Torch.max() losing gradients

Julio_Marco_A_Silva · December 22, 2019, 6:17pm

Hi, everyone!

I am writing a neural classifier and its output is two classes, with a batch size of 5, so output is a tensor of size (5, 2).

Also, I am using BCEWithLogitsLoss as the loss function.

As you know, BCEWithLogitsLoss accepts a vector of integers (one for each element in the batch) and I have a one-hot vector of two elements as the output of my network.
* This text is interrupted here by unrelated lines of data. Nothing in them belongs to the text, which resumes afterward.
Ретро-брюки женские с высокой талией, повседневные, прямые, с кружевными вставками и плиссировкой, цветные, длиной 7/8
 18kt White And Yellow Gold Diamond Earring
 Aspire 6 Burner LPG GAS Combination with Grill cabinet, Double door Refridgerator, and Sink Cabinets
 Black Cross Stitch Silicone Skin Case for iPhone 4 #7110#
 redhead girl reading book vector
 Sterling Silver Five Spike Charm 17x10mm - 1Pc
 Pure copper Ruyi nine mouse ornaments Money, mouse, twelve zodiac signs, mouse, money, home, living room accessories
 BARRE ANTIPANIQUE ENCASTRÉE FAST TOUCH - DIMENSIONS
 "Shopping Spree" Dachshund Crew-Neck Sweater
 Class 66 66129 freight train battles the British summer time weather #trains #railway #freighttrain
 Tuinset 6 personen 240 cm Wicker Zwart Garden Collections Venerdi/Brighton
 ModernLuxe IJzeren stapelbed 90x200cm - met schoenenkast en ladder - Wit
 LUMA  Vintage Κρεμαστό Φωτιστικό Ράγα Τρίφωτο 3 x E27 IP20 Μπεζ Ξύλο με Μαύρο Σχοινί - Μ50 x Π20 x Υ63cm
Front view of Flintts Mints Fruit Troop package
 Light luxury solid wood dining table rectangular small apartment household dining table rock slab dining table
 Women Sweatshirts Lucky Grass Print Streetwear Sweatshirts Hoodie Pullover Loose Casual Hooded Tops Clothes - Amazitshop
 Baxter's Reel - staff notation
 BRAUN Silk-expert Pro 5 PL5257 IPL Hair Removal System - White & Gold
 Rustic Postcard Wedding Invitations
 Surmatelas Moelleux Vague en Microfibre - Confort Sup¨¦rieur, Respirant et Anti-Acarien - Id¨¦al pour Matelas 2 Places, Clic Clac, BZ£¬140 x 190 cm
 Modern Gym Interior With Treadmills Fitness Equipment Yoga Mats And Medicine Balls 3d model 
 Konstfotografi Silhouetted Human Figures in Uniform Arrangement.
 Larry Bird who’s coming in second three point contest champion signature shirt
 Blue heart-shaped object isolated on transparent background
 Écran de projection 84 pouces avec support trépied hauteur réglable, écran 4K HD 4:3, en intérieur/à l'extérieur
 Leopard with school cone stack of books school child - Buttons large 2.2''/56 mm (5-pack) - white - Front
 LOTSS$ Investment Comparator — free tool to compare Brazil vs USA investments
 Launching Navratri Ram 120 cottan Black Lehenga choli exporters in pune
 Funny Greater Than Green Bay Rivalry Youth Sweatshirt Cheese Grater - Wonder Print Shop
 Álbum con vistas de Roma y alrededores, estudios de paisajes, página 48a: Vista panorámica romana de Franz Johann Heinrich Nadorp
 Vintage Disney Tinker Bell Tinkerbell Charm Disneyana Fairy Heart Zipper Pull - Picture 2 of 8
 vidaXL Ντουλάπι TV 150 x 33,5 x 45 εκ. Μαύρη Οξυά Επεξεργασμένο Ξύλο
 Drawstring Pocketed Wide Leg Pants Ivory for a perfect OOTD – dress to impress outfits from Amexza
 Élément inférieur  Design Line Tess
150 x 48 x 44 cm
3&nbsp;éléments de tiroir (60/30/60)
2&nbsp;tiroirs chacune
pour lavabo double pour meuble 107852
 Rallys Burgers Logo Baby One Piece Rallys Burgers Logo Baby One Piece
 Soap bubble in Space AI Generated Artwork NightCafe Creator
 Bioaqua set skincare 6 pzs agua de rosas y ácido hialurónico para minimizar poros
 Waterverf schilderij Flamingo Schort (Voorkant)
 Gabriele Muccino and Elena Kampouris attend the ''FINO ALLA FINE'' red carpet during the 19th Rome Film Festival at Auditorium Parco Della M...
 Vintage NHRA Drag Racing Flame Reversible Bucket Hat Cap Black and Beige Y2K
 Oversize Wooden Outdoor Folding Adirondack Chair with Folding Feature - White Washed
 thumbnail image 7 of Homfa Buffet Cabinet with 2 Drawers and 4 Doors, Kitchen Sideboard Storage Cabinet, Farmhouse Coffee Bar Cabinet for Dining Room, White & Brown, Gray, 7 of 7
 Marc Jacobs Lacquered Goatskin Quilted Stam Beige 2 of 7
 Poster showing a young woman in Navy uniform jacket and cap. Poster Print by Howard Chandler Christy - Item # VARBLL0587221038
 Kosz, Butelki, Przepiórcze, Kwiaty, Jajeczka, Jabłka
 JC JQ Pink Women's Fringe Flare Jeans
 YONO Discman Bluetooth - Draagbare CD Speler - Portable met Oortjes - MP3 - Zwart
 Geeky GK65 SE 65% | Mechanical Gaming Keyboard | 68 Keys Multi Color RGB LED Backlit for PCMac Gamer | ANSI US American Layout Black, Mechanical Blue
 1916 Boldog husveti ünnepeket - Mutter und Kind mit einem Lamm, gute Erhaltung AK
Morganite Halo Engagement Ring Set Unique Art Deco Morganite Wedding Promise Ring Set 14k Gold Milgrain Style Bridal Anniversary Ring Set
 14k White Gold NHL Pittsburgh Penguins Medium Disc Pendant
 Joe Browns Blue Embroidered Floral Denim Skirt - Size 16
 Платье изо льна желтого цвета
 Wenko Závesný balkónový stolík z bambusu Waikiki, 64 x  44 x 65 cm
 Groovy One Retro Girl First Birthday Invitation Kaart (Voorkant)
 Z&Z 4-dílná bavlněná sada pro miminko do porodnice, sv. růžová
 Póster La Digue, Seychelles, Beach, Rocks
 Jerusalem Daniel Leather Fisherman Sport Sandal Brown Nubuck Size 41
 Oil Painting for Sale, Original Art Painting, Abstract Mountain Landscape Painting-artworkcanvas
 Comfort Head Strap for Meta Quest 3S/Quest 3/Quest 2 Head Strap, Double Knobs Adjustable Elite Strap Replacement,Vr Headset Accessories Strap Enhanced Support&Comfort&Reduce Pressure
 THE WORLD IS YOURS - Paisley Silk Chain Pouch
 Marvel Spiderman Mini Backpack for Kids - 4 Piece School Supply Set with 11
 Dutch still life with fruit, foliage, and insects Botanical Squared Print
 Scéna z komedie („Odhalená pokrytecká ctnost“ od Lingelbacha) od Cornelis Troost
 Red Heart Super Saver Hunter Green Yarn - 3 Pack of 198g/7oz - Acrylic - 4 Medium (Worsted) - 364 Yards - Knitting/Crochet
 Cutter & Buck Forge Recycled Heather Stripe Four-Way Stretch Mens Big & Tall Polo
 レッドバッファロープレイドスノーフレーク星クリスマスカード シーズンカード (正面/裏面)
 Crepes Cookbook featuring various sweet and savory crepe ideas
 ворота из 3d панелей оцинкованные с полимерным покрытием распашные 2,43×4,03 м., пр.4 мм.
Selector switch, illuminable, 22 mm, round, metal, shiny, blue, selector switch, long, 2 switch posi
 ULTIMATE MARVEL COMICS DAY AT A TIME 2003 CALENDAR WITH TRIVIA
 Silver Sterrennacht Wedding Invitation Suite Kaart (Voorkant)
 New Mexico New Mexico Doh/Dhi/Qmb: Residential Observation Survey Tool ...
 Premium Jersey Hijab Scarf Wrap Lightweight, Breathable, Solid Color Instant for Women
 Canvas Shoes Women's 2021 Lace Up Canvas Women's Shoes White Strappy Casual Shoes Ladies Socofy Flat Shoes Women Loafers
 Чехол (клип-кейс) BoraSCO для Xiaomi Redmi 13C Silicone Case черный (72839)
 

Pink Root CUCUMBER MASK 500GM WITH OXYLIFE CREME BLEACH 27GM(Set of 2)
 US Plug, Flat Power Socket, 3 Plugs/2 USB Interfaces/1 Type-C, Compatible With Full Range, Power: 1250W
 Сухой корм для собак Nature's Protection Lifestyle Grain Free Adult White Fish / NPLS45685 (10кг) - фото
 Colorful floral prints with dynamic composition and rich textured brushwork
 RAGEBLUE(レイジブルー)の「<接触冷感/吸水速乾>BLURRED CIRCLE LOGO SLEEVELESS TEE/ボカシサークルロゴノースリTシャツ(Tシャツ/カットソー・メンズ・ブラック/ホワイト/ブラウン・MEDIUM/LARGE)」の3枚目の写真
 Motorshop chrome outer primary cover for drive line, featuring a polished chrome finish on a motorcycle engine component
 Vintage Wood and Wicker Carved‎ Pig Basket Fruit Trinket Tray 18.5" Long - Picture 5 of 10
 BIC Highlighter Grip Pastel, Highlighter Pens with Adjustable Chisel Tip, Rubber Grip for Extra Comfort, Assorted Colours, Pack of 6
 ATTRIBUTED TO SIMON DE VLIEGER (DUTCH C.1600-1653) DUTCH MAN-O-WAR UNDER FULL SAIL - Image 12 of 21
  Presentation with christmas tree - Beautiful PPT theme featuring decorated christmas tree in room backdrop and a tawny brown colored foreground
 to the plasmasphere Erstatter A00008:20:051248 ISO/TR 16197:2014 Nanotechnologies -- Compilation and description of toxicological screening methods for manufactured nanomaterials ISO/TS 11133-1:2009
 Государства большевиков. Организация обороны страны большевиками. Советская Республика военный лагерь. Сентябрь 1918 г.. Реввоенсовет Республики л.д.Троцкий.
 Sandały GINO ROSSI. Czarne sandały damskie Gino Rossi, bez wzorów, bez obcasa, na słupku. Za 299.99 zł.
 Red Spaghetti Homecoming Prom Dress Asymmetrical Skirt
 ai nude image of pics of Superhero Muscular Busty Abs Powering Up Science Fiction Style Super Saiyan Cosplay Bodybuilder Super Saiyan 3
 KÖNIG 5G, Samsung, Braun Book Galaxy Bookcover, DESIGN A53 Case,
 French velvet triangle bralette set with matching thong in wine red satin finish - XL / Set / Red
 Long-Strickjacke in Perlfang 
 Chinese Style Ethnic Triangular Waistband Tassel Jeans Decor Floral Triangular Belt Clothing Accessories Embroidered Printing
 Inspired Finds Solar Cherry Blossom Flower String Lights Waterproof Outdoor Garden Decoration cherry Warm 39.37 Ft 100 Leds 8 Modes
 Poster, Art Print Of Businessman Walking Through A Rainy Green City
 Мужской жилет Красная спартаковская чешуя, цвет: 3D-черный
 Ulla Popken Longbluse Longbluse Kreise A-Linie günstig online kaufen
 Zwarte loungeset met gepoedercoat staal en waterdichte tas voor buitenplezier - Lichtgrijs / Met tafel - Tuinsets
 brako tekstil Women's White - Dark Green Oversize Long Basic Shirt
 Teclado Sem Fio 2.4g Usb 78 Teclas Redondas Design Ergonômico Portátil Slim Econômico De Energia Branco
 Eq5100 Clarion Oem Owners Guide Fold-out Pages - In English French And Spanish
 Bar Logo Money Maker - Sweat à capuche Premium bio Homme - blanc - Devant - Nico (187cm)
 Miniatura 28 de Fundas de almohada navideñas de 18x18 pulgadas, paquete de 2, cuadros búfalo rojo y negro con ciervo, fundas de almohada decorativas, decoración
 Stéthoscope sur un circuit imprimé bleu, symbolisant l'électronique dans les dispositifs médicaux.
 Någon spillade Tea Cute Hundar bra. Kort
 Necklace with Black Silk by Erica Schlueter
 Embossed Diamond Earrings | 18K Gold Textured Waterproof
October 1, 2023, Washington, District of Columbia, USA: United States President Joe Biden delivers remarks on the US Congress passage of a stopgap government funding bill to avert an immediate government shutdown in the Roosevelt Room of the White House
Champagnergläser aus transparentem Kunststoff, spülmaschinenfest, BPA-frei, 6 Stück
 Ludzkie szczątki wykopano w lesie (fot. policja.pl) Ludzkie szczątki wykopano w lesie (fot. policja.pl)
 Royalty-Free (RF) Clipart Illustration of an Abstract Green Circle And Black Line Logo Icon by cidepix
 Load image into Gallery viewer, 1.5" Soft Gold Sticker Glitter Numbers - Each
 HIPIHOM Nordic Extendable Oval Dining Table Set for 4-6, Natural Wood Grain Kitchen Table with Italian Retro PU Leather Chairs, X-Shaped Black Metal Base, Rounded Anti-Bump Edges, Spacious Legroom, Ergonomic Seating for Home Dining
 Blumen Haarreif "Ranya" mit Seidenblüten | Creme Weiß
In order to convert from one-hot to scalar class index, I am using the max method, taking the indices, but, when I do so, I receive the following error at the .backprop method:

RuntimeError: element 0 of tensors does not require grad and does not have a grad_fn

Please, is there a different way in Pytorch to convert from one-hot to scalar class index?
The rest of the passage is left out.